Praxagora lists the benefits that will flow from the women’s rule, among them “no more poor people” (me peneta medena, 566). The chorus supports her plans, asking her to have a “philosophical mind” (phrena philosophon), in language that foreshadows the utopianism of Plato:

For it’s to the prosperity of all alike

that from your lips comes a bright idea

to gladden the lives of the city’s people (demon)

with countless benefits;

now’s the time to reveal its potential.

Yes, our city (polis) needs

some kind of sage scheme;

describe it in full, making sure only

that none of it’s ever been

said or done before;

they hate to watch the same old stuff

over and over again!

(574–80)

If we consider the reading of Alain Badiou of Plato’s Republic, and its implicit utopianism, then this comic vision of the future, the willingness to entertain radically new arrangements, a commune-ism of property and daily life, anticipate or echo the innovations proposed in the philosopher’s text. The novelty that the crowd, the spectators, demand in comic presentation is transferred, or linked, or asserted in relation to the novelty required of political ideas in this time of searching in the city.

Praxagora’s speeches that follow emphasize this novelty, which continues to refer ambiguously to both the ideas on governance that she proposes, and the comic situation in which women dominate. Although she expresses anxiety about the audience’s reception of her plan, so unconventional, a neighbor reassures her: “Don’t worry about quarrying new veins: for us, indifference to precedent takes precedence over any other principle of government” (586–87). This reaction seems more like a moment of political theory than a comic speech. And Praxagora goes on to set forth a communist agenda: everyone will own everything in common, and have a living from the same source. She will get rid of the rich and the poor. Her revolutionary plan does not extend explicitly to slaves: “No more rich man here, poor man there, or a man with a big farm and a man without land enough for his own grave, or a man with many slaves and a man without even an attendant (akoloutho). No, I will establish one and the same standard of life for everyone” (591–95). The plan of leveling the bioton, the standard of living, to include all may suggest that everyone, the common, will have the same number of slaves; as is most frequently the case, with the rarest of exceptions, slaves are excluded, or ambiguously not counted among those who make the “common,” the koinon.

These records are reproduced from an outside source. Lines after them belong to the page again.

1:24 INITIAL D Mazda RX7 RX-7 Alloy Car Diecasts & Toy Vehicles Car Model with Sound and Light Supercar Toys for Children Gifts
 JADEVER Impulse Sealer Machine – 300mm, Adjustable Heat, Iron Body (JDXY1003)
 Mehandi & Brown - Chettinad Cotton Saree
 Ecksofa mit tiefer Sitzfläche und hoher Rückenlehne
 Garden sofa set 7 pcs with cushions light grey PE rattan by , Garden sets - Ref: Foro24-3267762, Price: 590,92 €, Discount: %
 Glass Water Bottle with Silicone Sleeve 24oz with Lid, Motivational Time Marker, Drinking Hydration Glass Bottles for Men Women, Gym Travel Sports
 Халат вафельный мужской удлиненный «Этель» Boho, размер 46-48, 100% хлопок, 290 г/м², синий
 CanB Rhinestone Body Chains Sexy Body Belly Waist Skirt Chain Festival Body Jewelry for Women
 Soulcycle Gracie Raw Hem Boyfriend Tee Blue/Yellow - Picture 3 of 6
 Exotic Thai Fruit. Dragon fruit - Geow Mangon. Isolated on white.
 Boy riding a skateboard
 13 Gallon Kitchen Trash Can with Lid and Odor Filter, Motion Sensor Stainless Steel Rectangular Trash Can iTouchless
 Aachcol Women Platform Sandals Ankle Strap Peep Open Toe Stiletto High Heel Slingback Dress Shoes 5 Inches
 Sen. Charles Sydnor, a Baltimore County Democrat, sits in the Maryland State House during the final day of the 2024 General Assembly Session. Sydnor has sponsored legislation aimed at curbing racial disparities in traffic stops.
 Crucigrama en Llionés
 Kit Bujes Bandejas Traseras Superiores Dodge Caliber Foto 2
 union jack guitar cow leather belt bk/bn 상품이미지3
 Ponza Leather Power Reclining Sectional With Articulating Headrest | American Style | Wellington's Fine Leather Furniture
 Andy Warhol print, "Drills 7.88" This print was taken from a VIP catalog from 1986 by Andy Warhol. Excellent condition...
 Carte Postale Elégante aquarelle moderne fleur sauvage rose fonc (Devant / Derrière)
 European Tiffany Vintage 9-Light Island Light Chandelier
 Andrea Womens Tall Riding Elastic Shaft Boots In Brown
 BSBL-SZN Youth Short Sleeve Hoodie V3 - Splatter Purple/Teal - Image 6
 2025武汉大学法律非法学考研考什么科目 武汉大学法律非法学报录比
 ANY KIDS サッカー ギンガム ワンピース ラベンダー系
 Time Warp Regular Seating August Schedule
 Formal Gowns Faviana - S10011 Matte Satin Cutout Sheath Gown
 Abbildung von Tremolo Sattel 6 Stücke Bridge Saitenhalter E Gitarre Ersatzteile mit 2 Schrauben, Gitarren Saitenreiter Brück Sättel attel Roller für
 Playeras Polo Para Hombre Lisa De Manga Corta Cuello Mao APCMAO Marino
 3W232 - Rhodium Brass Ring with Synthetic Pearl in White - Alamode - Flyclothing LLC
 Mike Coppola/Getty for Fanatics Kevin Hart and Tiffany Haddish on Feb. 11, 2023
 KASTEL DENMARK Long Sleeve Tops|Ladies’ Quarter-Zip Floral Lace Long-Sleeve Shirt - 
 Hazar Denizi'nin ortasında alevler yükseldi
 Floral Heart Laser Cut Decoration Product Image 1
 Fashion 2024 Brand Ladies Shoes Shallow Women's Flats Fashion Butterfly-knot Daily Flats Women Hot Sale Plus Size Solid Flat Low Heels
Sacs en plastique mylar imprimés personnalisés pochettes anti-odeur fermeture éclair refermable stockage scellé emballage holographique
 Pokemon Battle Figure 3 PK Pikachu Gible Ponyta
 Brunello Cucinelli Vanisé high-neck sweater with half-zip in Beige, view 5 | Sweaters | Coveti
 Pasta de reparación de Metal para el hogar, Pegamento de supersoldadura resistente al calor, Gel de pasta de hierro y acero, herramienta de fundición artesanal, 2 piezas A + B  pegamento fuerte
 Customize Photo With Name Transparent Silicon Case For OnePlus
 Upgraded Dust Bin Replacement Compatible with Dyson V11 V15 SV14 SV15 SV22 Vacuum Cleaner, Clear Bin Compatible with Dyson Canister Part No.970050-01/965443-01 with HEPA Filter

Praxagora declares that her first act will be to “communize,” that is, make “common,” koinon again, the land, the silver or money, and everything else that belongs separately to each of them. The women will administer this commonalty, and those who own movable property such as coins will contribute it to this common fund. And in a startling prefiguration of the demand for “communal luxury,” as Kristin Ross designates the aims of the Paris Commune of 1871, Praxagora announces that all will share in the bounty of the common possessions: “No one will be doing anything as a result of poverty, because everyone will have all the necessities: bread, salt fish, barley cakes, cloaks, wine, garlands, chickpeas” (605–7). Although these may not seem like luxury goods to us, they made up the diet of most of the people of ancient Athens, many of whom seemed to have eaten meat only when it was distributed after the sacrificing of animals, rarely consuming expensive rare fish or other delicacies. Wine is clearly, it seems, a necessity, taken for granted as a basic ingredient of a common diet.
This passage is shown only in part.